In the practical case, buffers are far from infinite, and you hit one property of the Fourier Transform that is often nothing but an annoyance: the FT is cyclic. The image below depicts what happens when one pumps up the intensity of one of the glare patterns obtained above: the (infinite) streaks, warp-around the (finite) FT buffer.

Cyclic glare pattern

Bonus: Here’s some real-life glare I captured this evening at the European Athletics Championships.

Real-life glare

Circular & radial blur

Circular and radial blur can be implemented in different ways. The method I am going to describe here is reasonably efficient, provided that there is a hyper-fast 1D box-based blur routine at one’s disposal (more on that in a future post). The algorithm is quite straightforward to implement, and also has the beautiful property of being able to do both circular and radial blur at the same time.

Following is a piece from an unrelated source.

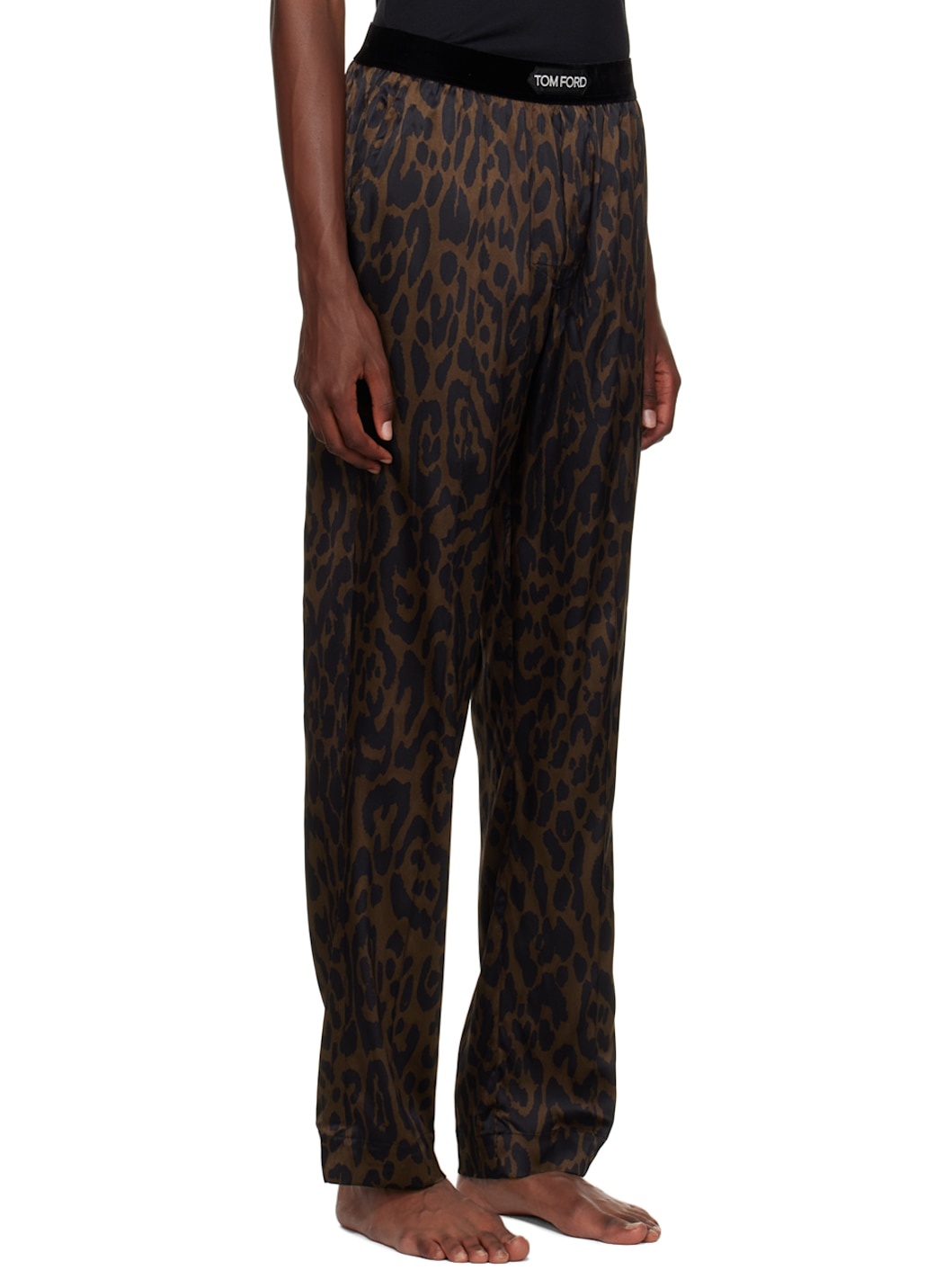 Black & Brown Cheetah Print Pyjama Pants - 2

I will work on grayscale images, although as usual the process can by extended to color images by performing the same operations on the three R, G, and B channels.

The key to circular/radial blur is to not work on the image space directly, but on a dual space, where cartesian co-ordinates are transformed to polar co-ordinates around the central pixel. Like this:

Cartesian-to-polar transform

Each column in the transformed image is one of the ‘spokes’ that go from the center to one of the pixels at the perimeter in the original image. The length of the largest spoke is half a diagonal, and the perimeter of a WxH image has 2·(W+H-2) pixels. So the transformed image is a buffer of dimensions ceil(sqrt(W^2+H^2)/2) and 2·(W+H-2).

We also need an inverse transform that restores the original image from its polar form.

Note that, for better results, the transform and also its inverse must do proper filtering. Since the spokes are diagonals that do not follow the arrangement of the pixels in the original image, the process of transforming and un-transforming is not exactly reciprocal. i.e., un-transforming the transformed image does not restore the original image identically. In simpler words: this process adds some little blur due to filtering. However, this is ok, because we’re aiming at circular/radial blur after all.

Below are the schematics of the type of filtering I am using in RCSDK. When I sample a pixel centered at (xm,ym) along a spoke, I integrate the original image, constrained to a 1×1 square area. This integration simply takes the (up to) 4 overlapped pixels, and weighs each of them by the corresponding surface overlapping factor:

Sample 1×1 px area

Note also that the inverse transform must ‘undo’ the filtering, by splatting contributions to the final image using the same surface overlapping factors.

…and here comes the interesting part.

1- If we 1D-blur the rows in the polar-space image, and then apply the inverse transform, we get a circular blur of the original image.

2- If we 1D-blur the columns in the polar-space image, and then apply the inverse transform, we get a radial blur of the original image.

A fast box-based 1D blur implementation can run in O(n), regardless of the radius of the blur. Let’s assume a square image of side S. The size of the transformed image is 2·(S+S-2)·sqrt(2)·S/2, which means a quadratic complexity, or linear with respect to the number of pixels. The algorithm is made of fairly simple arithmetic operations, and allows for multi-threading.

Here you can take a look at a couple of filtering examples taken from my RCSDK Unit Testing System:

Circular blur

Radial blur

Some bonus remarks:

1- If the amount of blur becomes progressively small as you approach the center, radial blur becomes lens blur.
2- If the amount of blur used in radial blur is different for each color component, you get chromatic aberration.
3- If you work with spectral colors, instead of RGB, chromatic aberration looks great even when the blur stretches colors along long streaks.

Lens blur & heavy chromatic aberration

Some more final remarks:

– In general, blur operations are clamped to the boundaries of the buffer they operate on. However, in the case of circular blur, one must warp-around from the first to the last spoke.
– It is not really necessary to create the transformed polar image, which is (much) larger than the original. One can feed the 1D blur with transformed pixels directly, and save some memory. Doing so doesn’t imply a performance penalty, because the algorithm runs through each spoke only once.